Try it.
Everything in the data except the pictures belongs in your answer, copied exactly.

Data extract.
== Segment start ==
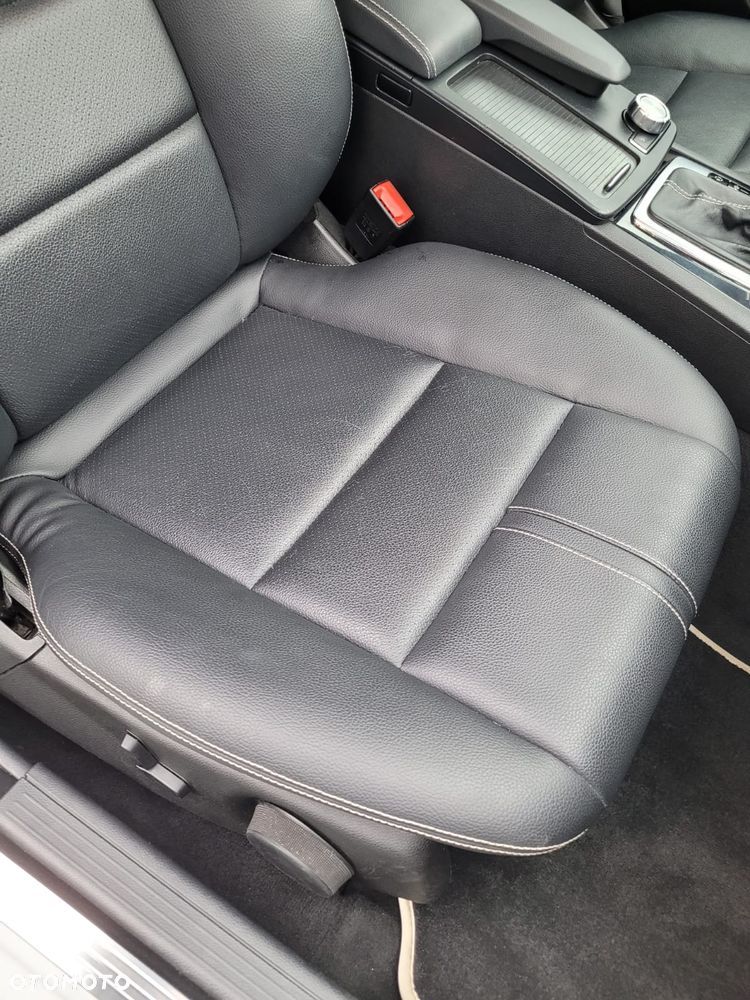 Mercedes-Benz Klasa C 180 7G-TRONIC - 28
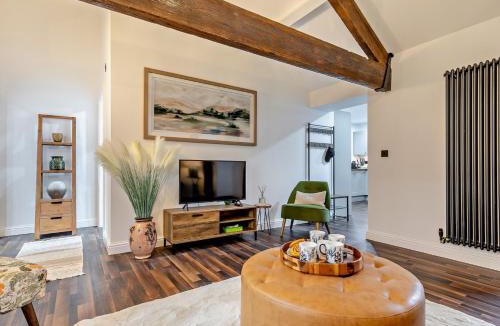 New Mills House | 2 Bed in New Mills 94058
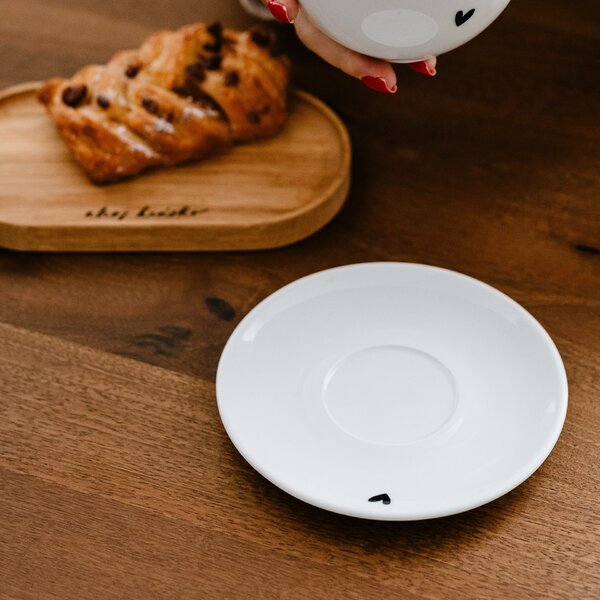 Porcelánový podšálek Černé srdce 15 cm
== Segment end ==
Result.
 Mercedes-Benz Klasa C 180 7G-TRONIC - 28
 New Mills House | 2 Bed in New Mills 94058
 Porcelánový podšálek Černé srdce 15 cm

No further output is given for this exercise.